Le parole di Abodi hanno generato dapprima qualche polemica politica: soprattutto per il fatto che, per come l’ha messa lui stesso, Abodi sembra suggerire che ci sia una sorta di classificazione delle guerre in base a quanto sono cruente, che quella a Gaza abbia meno dignità e necessità di attenzioni rispetto a quella in Ucraina e che la popolazione palestinese sia meno degna di sostegno. Il deputato e responsabile dello Sport del Partito Democratico Mauro Berruto, che già negli scorsi giorni aveva condiviso una petizione per sospendere Israele da tutte le competizioni internazionali, ha criticato duramente le parole del ministro definendole «incommentabili», e dicendo di essere «sconcertato» e «incredulo».
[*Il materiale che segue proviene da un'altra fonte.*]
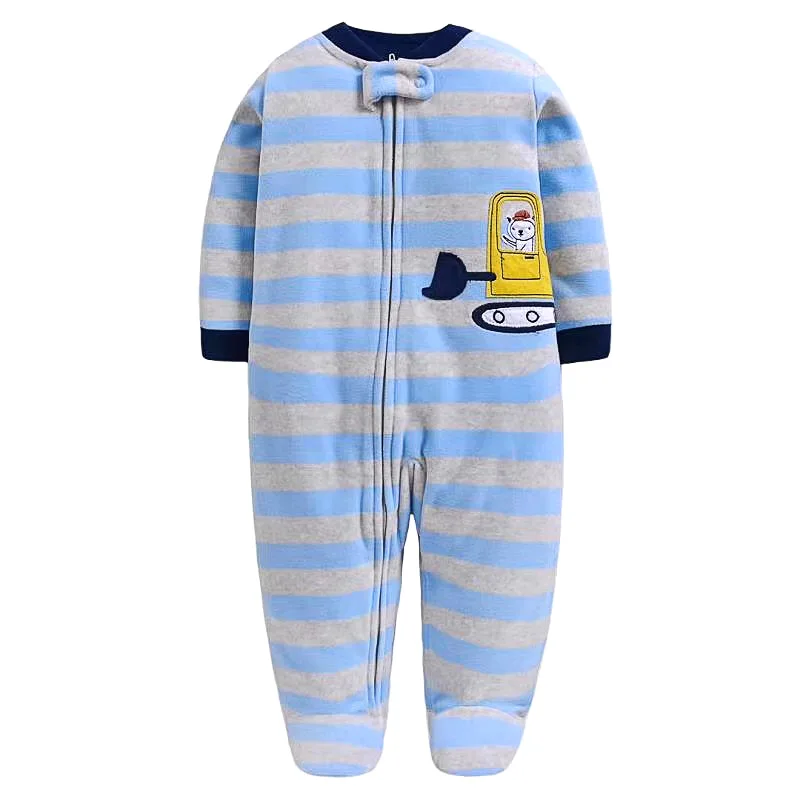 Одежда для новорожденных флисовый зимний теплый детский комбинезон Пижама для младенцев бархатный фланелевой комбинезон детская одежда с длинными рукавами - Цвет: Blue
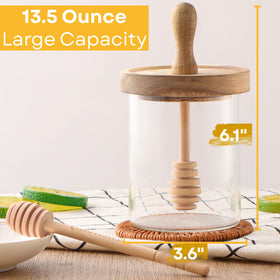 HAPPI STUDIO wide-mouth honey pot allows easy filling from bottles.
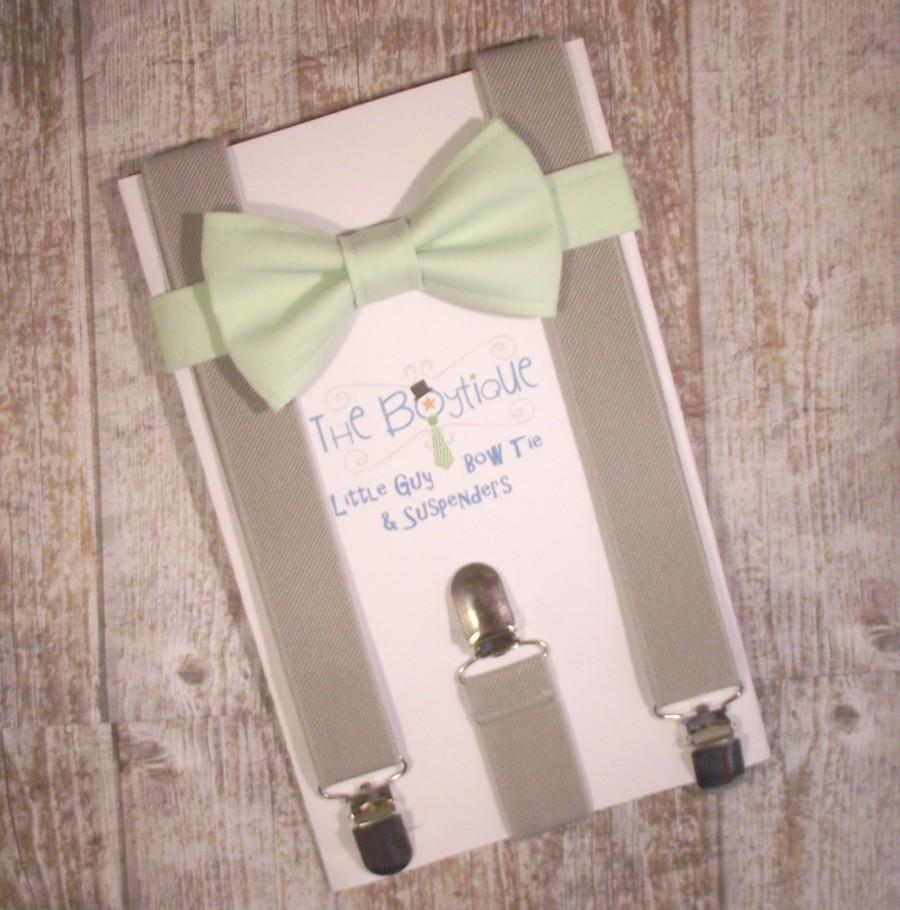 Свадьба - Mint Bow Tie and Suspenders: Mint Bow Tie and Grey Suspenders, Toddler Suspenders, Baby Suspenders, Wedding, Ring Bearer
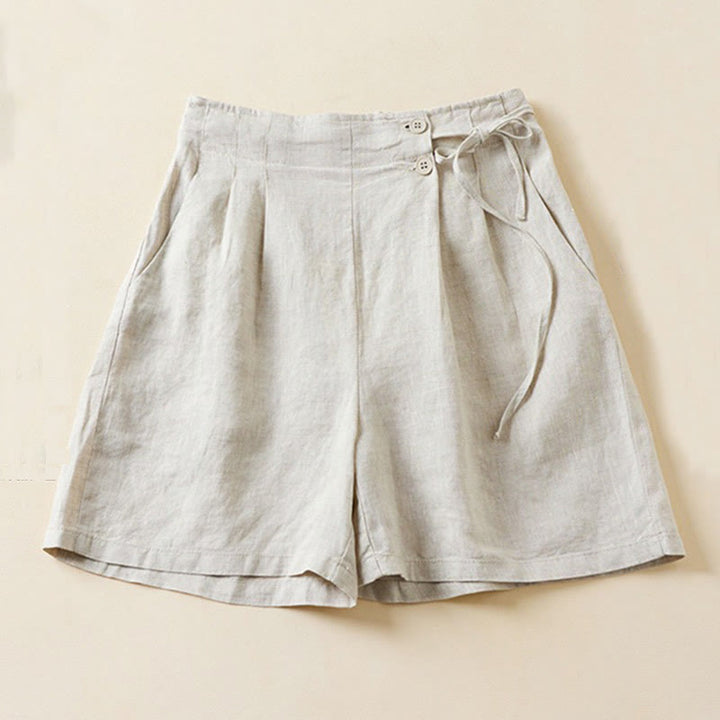 Short en coton et lin à lacets à deux boutons pour femme avec poches et Buddha Stones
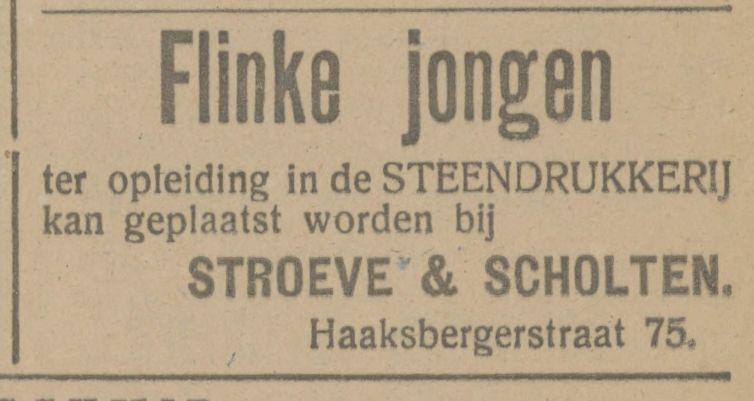 Haaksbergerstraat 75  Stroeve en Scholten steendrukkerij advertentie Tubantia 19-1-1916.jpg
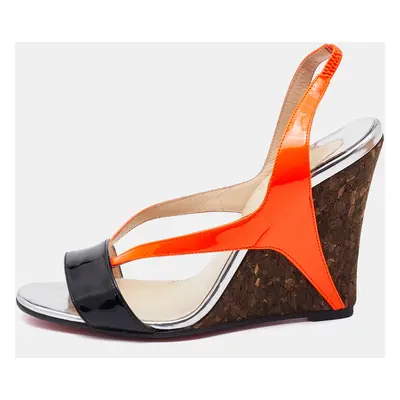 Christian Louboutin Orange/Black Patent Leather Yasmine Slingback Wedge Sandals Size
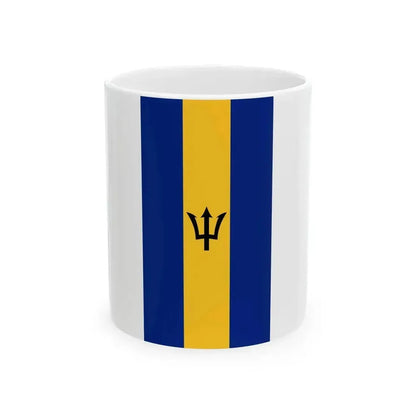 Flag of Barbados vertical banner (Barbados) White Coffee Mug 11oz - Go Mug Yourself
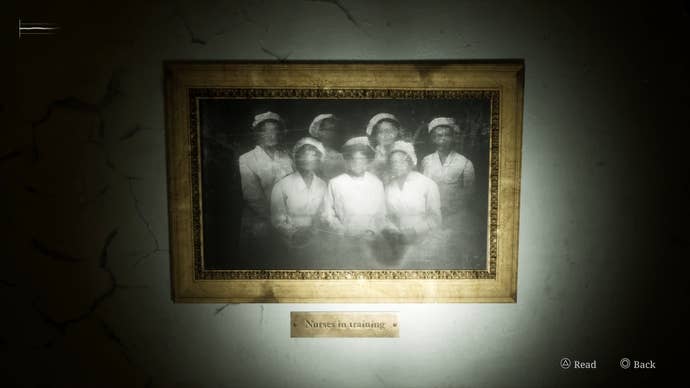 A framed black and white photograph of seven nurses on a wall at Brookhaven Hospital in Silent Hill 2.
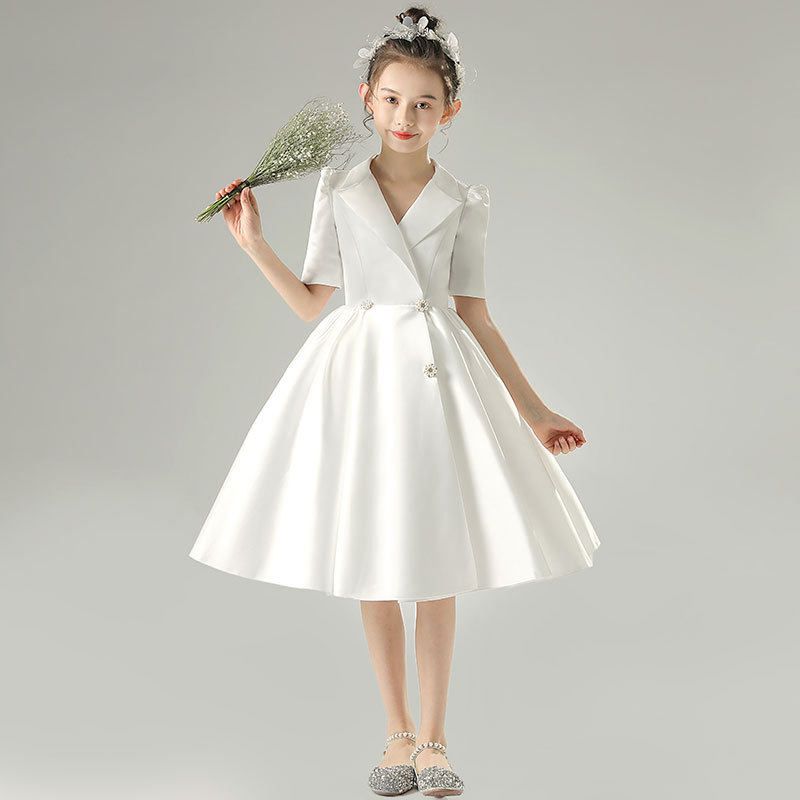 新款女童白色翻领中袖儿童礼服女童主持模特走秀钢琴演出服连衣裙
Martedì è stata poi la stessa ambasciata russa in Italia a intervenire. Lo ha fatto, come spesso accade, con toni duri e ironici, e con un lungo commento pubblicato anche sui propri profili social che si conclude così: «Sarebbe molto auspicabile che le autorità italiane seguissero con chiarezza i principi fondamentali del Movimento Olimpico e si astenessero dal formulare, per bocca dei propri funzionari sportivi, cui è delegata la preparazione delle Olimpiadi, dichiarazioni che alterano il senso e il significato del compito loro affidato».
Il Comitato olimpico internazionale (CIO) ha stabilito nel dicembre del 2023 la sospensione della Russia e della Bielorussia dalle Olimpiadi, come conseguenza per l’invasione in Ucraina. Agli atleti di quei paesi è tuttavia concesso, a certe condizioni e dopo una specifica autorizzazione dello stesso CIO, partecipare ai Giochi ma solo a livello individuale e non in rappresentanza delle proprie nazioni: per questo a Parigi hanno gareggiato sotto una bandiera neutrale con l’acronimo AIN (Athlète Individuel Neutre), e con una divisa che non riportava stemmi o colori di Russia e Bielorussia.
A Milano e Cortina succederà un po’ la stessa cosa: solo atleti individuali russi e bielorussi, e tutti con una bandiera neutrale. Ciò comporta l’esclusione delle squadre dalle gare, come per esempio quella di hockey russo che ha vinto un oro e un argento alle ultime due edizioni, quella di Pyeongchang in Corea del Sud nel 2018 e quella di Pechino in Cina nel 2022.